Classification

Nearest Mean Classifier

The nearest mean classifier is a simple classifier that is based on the idea that the mean of the training data for each class is the best estimate of the mean of the data for that class.

No further knowledge about the structure of the underlying data is required.
Efficiently computable.

Outliers can influence the mean and thus the classification.
The mean is not always a representative point of the data.
Failure in case of different 'spread of data' (large eigenvalues of the covariance matrix (np.cov(M.T))).

import numpy as np

def distance(p, q):
    dif = p - q
    return np.linalg.norm(dif, 2)


def classify_nearestmean(A, M, k):
    # classification by nearest mean
    t = M.shape[0]
    r, d = A.shape
    N = r // k

    means = np.zeros((k, d))
    alpha = np.zeros((M.shape[0],))
    for i in range(k):
        T = A[N * i:N * (i + 1)]
        means[i, :] = np.mean(T, axis=0)
    # print(means)
    dist_to_mean = np.zeros((k,))
    for i in range(t):
        P = M[i, :]
        for j in range(k):
            dist_to_mean[j] = distance(P, means[j, :])
        alpha[i] = dist_to_mean.argmin()

    return alpha

Bayes Classifier (based on Gaussian Mixture Model)

Using a distance measure (like the mahalonobis distance) the Bayes classifier can be used to classify data.

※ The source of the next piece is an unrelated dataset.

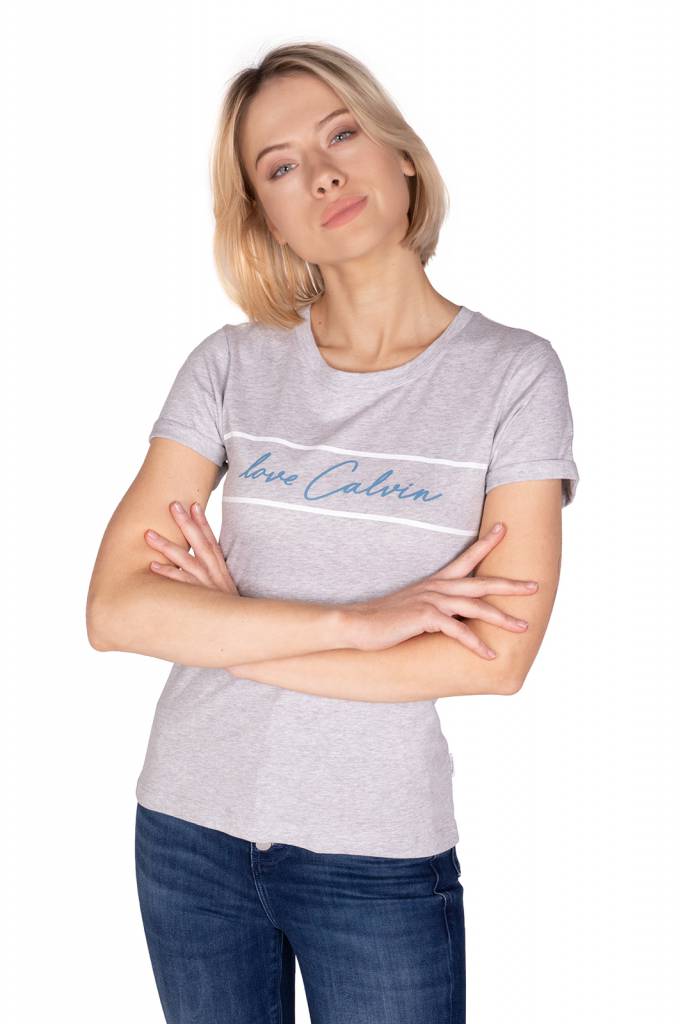 Calvin klein t-shirt damski love stripe K20K201857
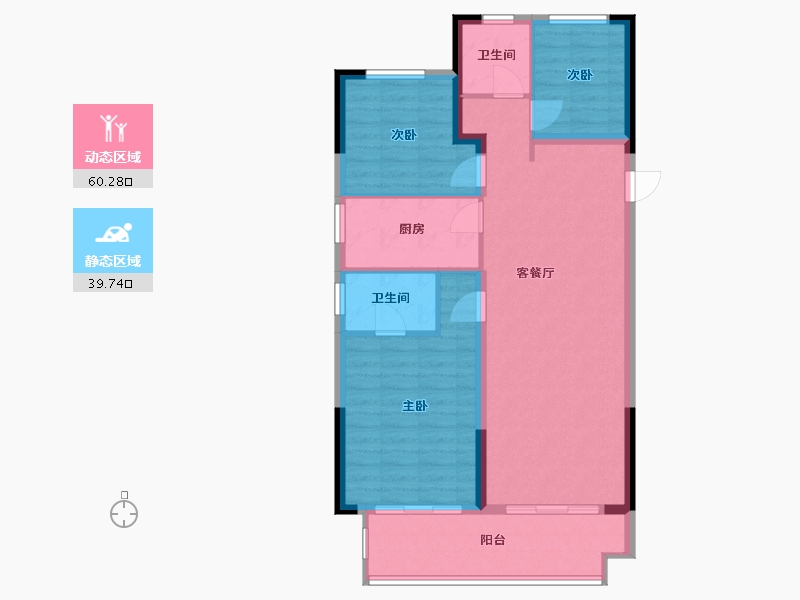 陕西省-汉中市-三盛天悦-99.20-户型库-动静分区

The distance measure is based on the assumption that the data is distributed according to a Gaussian Mixture Model (GMM).

import numpy as np
import scipy.stats as stats

def classify_gmm(A, M, k):
    """
    Classification by Gaussian mixture model.
    """
    r, d = A.shape
    N = r // k
    means = np.zeros((k, d))
    covariances = np.zeros((k, d, d))

    for i in range(k):
        T = A[N * i:N * (i + 1)]
        means[i, :] = np.mean(T, axis=0)
        covariances[i, :, :] = np.cov(T.T)

    # print(f"means: {means}")
    # print(f"covariances: {covariances}")

    probability_densities = [stats.multivariate_normal.pdf(M, means[j, :], covariances[j, :, :]) for j in range(k)]
    return np.argmax(probability_densities, axis=0)